§ **Exercise details**: In your transcription, keep every record exact and leave out the pictures.
..........
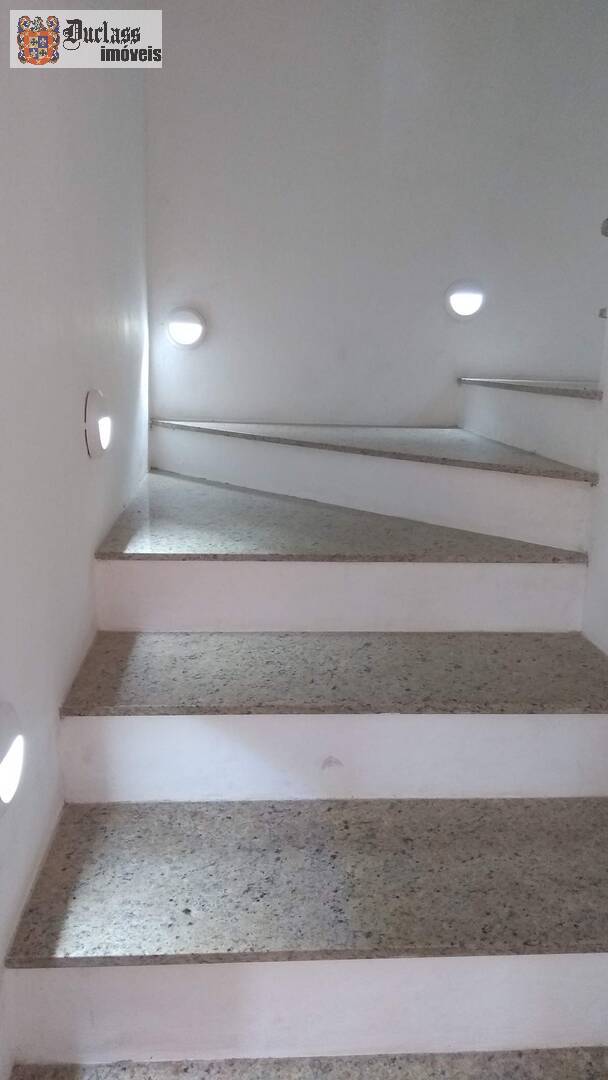 Sobrado à venda com 2 quartos, 180m² - Foto 19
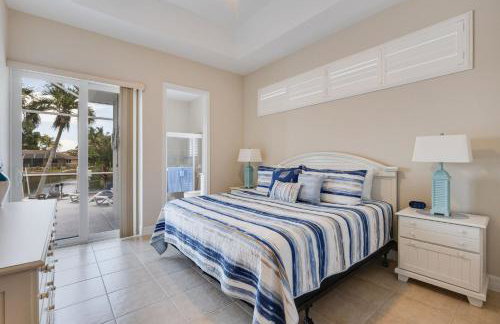 Cape Serenity- Premier Waterfront Villa with Kayaks and Bikes - Foto 24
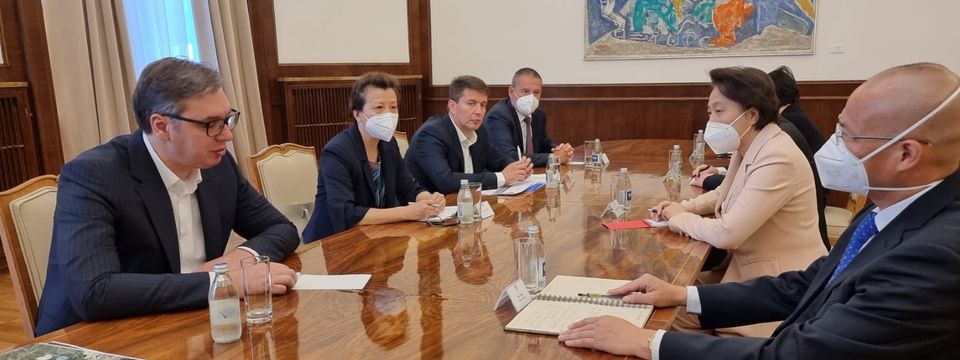 Predsednik Vučić sastao se sa predstavnicima kompanije Ziđin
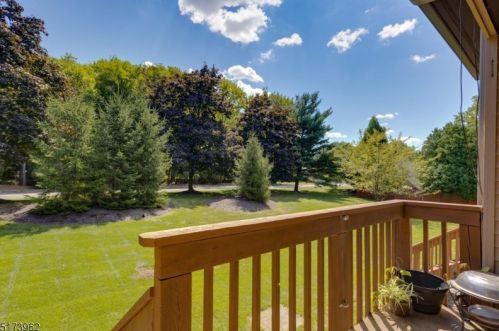 61 Woodland Dr, West Paterson NJ  07424-3707 exterior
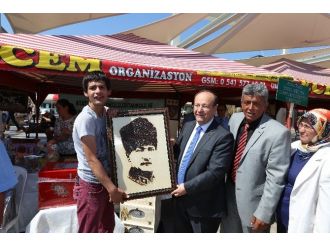 Başkan Özakcan’a Anlamlı Hediye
..........
§ **Answer to this problem**:
 Sobrado à venda com 2 quartos, 180m² - Foto 19
 Cape Serenity- Premier Waterfront Villa with Kayaks and Bikes - Foto 24
 Predsednik Vučić sastao se sa predstavnicima kompanije Ziđin
 61 Woodland Dr, West Paterson NJ  07424-3707 exterior
 Başkan Özakcan’a Anlamlı Hediye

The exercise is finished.